═════ EXTRACTED RECORDS ═════

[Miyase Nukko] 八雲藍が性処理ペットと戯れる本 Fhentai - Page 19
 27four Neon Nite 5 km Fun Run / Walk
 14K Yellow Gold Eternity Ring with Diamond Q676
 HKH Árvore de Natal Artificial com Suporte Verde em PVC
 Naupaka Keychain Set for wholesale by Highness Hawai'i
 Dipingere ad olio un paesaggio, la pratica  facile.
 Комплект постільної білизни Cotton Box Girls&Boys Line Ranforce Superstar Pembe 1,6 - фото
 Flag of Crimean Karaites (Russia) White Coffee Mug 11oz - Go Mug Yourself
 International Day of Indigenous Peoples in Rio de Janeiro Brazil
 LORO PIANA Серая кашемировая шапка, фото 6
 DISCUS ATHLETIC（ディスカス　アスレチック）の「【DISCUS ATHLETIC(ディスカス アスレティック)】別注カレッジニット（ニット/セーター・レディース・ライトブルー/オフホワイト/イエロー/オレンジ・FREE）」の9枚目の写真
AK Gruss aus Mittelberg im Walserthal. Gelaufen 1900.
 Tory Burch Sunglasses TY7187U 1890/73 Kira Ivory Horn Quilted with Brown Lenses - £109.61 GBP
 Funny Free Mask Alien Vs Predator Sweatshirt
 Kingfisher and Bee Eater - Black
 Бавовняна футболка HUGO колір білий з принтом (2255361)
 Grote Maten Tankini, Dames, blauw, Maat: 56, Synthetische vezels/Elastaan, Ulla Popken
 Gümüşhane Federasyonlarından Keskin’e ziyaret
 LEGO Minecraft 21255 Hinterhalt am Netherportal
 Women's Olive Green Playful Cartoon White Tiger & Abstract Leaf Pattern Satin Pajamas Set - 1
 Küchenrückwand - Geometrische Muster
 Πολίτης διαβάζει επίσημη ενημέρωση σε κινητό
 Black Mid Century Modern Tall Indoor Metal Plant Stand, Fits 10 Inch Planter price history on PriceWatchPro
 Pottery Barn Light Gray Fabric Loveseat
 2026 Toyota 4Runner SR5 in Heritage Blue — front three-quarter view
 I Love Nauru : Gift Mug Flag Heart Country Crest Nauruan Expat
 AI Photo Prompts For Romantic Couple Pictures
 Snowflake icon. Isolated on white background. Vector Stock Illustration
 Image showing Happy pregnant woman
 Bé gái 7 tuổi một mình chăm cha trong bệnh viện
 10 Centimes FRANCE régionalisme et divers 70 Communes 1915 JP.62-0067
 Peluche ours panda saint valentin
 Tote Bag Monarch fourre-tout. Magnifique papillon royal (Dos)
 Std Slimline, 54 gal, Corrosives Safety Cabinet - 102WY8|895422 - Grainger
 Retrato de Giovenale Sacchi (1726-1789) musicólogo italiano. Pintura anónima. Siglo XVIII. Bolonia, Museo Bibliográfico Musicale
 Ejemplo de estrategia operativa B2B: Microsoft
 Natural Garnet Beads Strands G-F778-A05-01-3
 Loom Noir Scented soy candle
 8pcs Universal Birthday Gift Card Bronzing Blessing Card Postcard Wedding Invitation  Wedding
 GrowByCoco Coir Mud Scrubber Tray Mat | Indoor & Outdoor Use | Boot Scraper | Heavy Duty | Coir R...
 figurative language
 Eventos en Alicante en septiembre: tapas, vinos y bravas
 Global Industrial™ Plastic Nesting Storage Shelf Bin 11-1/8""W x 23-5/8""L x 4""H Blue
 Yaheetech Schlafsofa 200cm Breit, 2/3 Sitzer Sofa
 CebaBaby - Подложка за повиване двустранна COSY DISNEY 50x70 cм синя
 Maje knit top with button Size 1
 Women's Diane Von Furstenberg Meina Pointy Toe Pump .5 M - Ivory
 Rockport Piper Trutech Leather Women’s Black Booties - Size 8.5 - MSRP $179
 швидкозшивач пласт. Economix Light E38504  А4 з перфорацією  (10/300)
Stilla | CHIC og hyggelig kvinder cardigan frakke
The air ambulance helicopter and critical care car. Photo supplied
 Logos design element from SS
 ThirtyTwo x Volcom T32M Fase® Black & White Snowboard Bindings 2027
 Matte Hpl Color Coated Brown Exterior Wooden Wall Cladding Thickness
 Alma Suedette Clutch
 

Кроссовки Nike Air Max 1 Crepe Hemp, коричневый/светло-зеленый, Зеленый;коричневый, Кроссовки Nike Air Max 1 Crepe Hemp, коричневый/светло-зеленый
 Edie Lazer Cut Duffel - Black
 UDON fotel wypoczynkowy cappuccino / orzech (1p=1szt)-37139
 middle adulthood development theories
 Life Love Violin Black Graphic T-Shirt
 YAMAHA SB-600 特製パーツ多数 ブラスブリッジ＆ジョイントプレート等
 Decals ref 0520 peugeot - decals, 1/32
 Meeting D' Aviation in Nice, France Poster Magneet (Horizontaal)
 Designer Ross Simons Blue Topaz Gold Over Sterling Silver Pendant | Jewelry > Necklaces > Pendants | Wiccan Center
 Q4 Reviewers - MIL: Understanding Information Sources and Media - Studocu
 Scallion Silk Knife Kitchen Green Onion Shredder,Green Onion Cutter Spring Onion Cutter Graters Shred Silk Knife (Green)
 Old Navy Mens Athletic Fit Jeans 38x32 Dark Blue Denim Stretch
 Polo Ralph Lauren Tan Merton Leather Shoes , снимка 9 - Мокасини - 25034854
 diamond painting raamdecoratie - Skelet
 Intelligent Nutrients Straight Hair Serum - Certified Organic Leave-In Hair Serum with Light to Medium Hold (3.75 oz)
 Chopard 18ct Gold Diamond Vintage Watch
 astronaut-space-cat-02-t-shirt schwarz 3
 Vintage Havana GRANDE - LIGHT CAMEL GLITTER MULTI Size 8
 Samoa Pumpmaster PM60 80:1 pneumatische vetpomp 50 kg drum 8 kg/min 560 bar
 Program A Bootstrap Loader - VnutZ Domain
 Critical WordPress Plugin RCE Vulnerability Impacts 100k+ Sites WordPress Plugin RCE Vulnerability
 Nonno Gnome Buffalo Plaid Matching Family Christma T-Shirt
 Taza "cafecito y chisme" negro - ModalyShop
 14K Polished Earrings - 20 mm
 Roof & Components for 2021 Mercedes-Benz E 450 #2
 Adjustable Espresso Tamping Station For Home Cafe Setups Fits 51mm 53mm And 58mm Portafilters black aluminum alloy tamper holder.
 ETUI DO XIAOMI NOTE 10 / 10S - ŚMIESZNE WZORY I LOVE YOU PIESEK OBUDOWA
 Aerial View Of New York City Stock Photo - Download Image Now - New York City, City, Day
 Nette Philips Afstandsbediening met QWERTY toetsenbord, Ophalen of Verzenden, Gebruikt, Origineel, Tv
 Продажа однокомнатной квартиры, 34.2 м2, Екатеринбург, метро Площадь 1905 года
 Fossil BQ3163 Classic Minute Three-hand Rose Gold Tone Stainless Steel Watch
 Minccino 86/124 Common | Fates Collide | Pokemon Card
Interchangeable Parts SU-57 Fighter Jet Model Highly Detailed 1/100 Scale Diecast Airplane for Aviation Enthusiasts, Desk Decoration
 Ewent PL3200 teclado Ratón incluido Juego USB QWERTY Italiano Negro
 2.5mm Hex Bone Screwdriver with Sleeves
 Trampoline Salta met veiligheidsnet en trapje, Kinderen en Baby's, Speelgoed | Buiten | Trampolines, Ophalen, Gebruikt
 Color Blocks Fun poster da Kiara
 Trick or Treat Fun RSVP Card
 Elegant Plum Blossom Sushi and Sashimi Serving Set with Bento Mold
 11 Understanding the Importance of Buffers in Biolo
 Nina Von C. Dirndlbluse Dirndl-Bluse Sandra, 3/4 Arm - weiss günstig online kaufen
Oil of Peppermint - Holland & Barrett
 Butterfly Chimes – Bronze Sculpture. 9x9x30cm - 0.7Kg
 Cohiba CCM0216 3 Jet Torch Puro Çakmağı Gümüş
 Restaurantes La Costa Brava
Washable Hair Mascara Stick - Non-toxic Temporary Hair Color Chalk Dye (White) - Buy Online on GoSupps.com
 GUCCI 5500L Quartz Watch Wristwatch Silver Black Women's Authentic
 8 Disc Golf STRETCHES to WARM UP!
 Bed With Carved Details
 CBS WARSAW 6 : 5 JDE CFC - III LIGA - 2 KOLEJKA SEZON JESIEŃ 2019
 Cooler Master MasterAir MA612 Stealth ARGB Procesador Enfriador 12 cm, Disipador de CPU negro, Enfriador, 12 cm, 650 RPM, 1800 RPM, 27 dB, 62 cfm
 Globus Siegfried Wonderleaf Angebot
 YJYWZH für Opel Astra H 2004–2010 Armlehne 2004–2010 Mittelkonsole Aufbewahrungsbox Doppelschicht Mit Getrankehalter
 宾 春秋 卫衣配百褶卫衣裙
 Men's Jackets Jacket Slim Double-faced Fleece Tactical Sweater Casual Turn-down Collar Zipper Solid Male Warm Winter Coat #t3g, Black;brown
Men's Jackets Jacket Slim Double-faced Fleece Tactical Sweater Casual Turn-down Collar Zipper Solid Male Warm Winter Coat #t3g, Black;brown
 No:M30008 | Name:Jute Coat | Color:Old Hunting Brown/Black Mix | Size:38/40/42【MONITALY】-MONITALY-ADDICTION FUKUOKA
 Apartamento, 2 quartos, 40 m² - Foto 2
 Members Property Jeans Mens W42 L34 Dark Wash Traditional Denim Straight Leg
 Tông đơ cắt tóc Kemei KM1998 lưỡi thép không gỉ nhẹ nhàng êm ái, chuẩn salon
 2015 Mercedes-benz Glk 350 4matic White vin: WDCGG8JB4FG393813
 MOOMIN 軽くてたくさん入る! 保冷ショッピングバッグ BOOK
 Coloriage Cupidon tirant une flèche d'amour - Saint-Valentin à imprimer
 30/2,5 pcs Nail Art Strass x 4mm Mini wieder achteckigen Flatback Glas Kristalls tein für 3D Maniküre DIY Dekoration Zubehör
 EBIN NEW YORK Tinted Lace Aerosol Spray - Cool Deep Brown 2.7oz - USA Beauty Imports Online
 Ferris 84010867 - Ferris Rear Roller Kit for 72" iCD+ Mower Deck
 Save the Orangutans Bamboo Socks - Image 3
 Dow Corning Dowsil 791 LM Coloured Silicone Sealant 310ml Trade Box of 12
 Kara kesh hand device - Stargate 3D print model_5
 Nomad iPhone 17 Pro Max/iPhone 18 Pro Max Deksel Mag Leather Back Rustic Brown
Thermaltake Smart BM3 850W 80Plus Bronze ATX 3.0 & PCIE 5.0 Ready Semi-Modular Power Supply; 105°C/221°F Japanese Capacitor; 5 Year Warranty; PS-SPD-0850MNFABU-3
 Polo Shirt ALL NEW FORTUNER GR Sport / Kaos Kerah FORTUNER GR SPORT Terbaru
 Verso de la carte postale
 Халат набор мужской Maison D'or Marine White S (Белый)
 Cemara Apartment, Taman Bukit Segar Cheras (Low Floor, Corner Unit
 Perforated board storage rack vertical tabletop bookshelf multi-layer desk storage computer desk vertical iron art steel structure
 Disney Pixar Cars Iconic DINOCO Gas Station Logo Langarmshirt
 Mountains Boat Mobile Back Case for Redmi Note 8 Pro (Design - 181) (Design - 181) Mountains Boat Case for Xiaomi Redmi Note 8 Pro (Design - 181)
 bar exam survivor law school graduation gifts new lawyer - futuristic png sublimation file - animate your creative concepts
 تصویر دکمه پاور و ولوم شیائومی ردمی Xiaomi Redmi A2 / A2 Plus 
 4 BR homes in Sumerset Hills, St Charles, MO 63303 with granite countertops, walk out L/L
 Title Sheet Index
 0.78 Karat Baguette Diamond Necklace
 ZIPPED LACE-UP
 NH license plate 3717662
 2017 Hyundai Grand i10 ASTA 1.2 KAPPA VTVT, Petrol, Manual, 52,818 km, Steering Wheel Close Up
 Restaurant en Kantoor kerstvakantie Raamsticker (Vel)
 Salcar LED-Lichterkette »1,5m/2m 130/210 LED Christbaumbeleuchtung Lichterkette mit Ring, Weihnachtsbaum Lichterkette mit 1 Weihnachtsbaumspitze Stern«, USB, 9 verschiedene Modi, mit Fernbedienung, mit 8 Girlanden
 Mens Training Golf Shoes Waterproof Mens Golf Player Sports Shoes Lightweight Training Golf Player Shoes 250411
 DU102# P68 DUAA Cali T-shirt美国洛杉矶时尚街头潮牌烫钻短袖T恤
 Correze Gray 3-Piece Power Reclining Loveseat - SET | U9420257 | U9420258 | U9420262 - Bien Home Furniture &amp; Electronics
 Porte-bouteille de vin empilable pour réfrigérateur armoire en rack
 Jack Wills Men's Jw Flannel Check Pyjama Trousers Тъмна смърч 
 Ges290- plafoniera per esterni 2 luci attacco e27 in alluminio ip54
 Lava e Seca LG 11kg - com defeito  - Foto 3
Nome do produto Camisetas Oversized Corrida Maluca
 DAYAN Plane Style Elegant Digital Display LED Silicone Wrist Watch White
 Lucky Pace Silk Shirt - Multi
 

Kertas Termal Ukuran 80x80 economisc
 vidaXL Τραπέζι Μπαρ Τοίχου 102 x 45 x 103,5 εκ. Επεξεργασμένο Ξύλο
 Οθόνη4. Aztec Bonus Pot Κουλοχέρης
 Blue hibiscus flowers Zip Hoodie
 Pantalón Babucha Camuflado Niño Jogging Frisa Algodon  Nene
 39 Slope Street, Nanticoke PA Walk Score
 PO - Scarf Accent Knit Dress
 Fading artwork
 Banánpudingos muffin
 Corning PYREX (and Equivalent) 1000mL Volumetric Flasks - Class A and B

═════

TASK TO CARRY OUT:
A verbatim transcription is needed of the lines above, starting at the line with "middle adulthood development theories" and ending at the line with "Meeting D' Aviation", both included, and of nothing else.

ANSWER AREA:
 middle adulthood development theories
 Life Love Violin Black Graphic T-Shirt
 YAMAHA SB-600 特製パーツ多数 ブラスブリッジ＆ジョイントプレート等
 Decals ref 0520 peugeot - decals, 1/32
 Meeting D' Aviation in Nice, France Poster Magneet (Horizontaal)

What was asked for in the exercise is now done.